TL;DR of today’s blog is this: Steam actually hasn’t changed that much from it’s PC roots and rather than worrying about how much is changing, look to what is consistent but evolving on top of it.
For developers who were console-first during their formative game-playing-years, you may have been imprinted with a certain “style” of game. Unfortunately, console gaming is quite a different culture than its PC counterpart. I think many indie game “failures” are because developers who have a “console-culture” mindset are trying to make a game for an audience that is “PC-culture.”
Ironically, the feeling that “Steam is changing”, is more likely that the individual developer is. These console-first developers are learning in real time and by looking at their sales data, that the genres that might work on consoles, don’t work on Steam. I often find the most successful developers with first time hits on Steam grew up playing PC games. They understand PC as their native tongue.
It is possible for developers who grew up console-first-and-only to learn the culture of PC and make successful games, but the first step is just recognizing the differences. This is also where I see a lot of friction from developers. “But I don’t like those types of games” is the common refrain. Well, when in Rome, do as the Romans do. And Steam is video games’ Rome.
Once you realize that Steam’s ancestor is PC culture, you will see that not much is changing
In today’s blog post I am going to point out a bunch of things I saw in the June 1993 edition of CGW that rhyme with today’s Steam marketplace. If you want to browse the whole magazine, there is a scan up on the Internet Archive.
If you want to watch me browse the magazine with commentary, I also uploaded a video:
Note about the graph:
I built the above graph based on this “top 100 chart” that CGW editors put together. In every issue there was a card that contained 100 games picked by the editors. Readers were encouraged to evaluate the list and rate every game they played on an A-F letter grade scale then mail it in to the magazine. Every issue the editors would tabulate the results and present it on the last few pages of the magazine.
Here is the actual chart from the June 1993 issue of CGW.
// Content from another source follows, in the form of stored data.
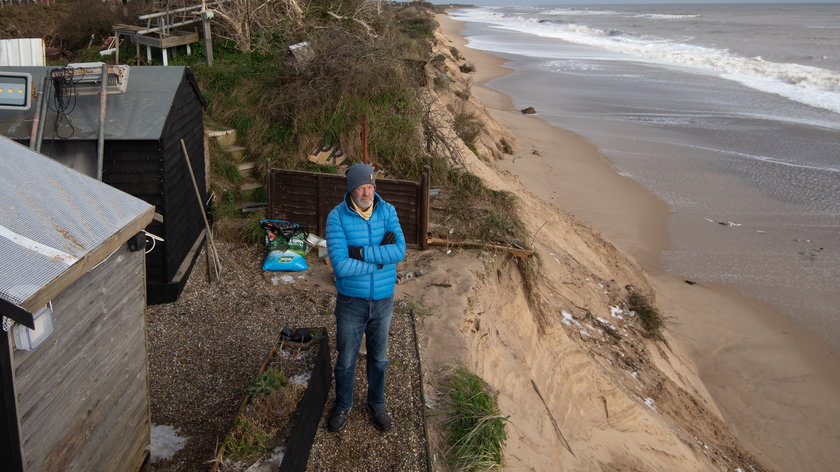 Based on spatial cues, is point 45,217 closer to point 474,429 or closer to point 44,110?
point 474,429

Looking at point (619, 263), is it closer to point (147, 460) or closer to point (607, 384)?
point (607, 384)

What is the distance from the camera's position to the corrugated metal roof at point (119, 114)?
682cm

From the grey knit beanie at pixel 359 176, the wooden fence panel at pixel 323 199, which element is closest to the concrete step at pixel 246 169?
the wooden fence panel at pixel 323 199

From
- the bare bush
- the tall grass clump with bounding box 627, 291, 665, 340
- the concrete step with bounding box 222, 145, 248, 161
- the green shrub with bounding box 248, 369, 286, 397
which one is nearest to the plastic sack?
the concrete step with bounding box 222, 145, 248, 161

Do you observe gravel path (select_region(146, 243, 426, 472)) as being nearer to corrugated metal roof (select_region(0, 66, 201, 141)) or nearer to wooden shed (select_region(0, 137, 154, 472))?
wooden shed (select_region(0, 137, 154, 472))

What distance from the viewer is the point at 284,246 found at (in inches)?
336

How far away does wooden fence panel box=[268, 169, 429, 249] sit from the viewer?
29.4 ft

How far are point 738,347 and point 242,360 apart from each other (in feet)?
25.2

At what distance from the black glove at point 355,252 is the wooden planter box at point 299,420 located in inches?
42.5

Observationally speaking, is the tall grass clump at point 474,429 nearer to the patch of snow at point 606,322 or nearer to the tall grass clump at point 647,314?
the patch of snow at point 606,322

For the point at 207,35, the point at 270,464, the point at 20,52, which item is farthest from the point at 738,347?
the point at 207,35

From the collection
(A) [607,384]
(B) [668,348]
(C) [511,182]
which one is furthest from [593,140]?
(A) [607,384]

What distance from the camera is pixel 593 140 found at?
797 inches

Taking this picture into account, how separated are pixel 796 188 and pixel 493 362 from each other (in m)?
13.0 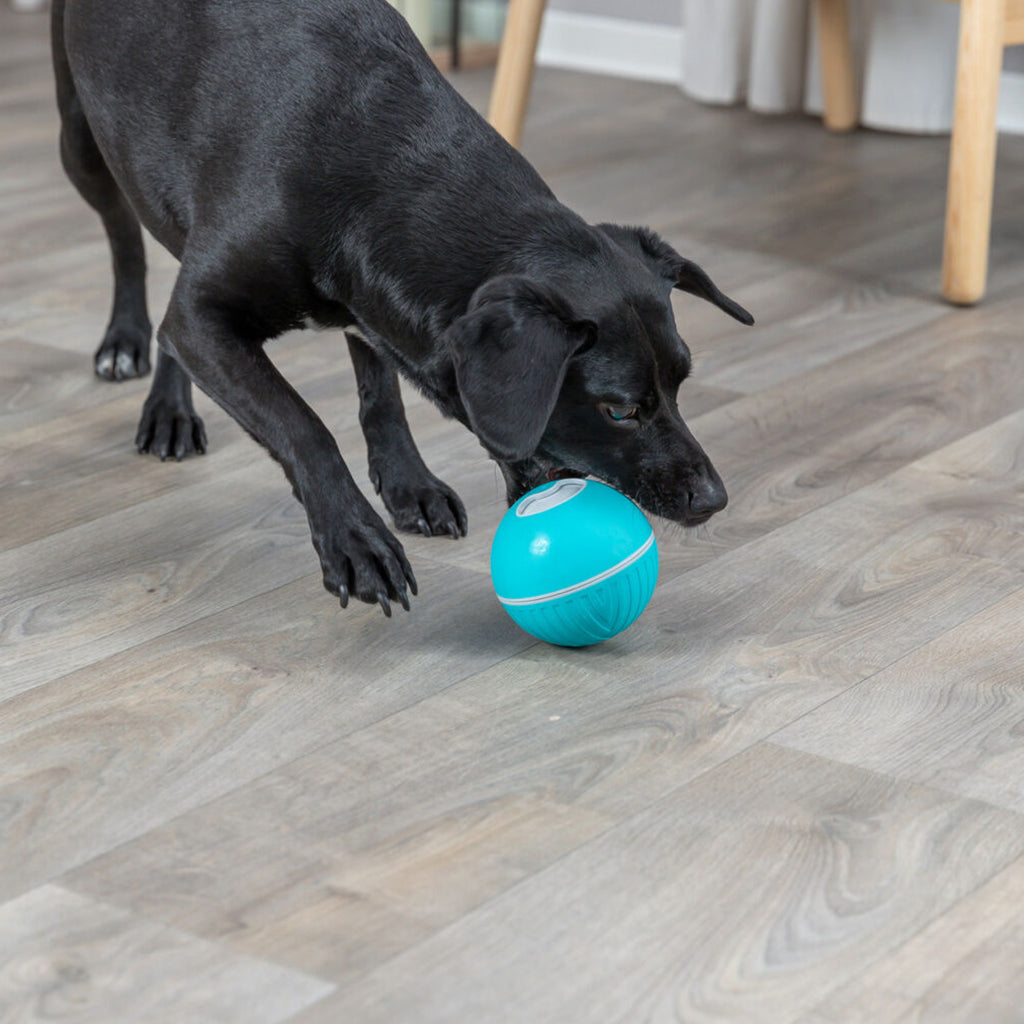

We can all poke holes in this pre-internet method of collecting data and the sampling, but it is a neat bit of quantitative data that is stronger than anecdotal evidence such as “well I used to play some platformers on my dad’s work computer.”
The genres in my graph were provided by CGW editors. For my bar graph above, I did make some genre adjustments:
- I moved Tetris and Lemmings out into “Puzzle” (they were listed as “Action”).
- I moved Wolfenstein 3D to FPS. (It was also “Action.”) – I just broke it out because it was interesting to call out.
- I merged “Wargame” into “Strategy”. I guess Wargaming was a big distinction back in the day which is now almost meaningless.
- I moved Out of this World to Platformer (It was also “Action.”) The magazine never used the word “platformer” but I did that to show how few true “platformers” there were at the time on PC.
Also, I know there was Commander Keen, Prince of Persia. But puzzle games or platformers never showed up on the top 100 list. Platformers were big on consoles but the editorial board or the readers didn’t dedicate much real estate to discussing them in the magazine.
Things from 1990s PC culture that hasn’t changed
Here is a random sort of things that I pulled from the magazine that show, although it seems like Steam and the games on it are changing a lot, there isn’t that much new.
#1 The PC aesthetic is still grim dark, gritty, fantasy
Look at this ad for Lands of Lore. Look at those brutish guys. Look at that tracery work on the framing architecture. This could be the capsule art for a Hooded Horse game today.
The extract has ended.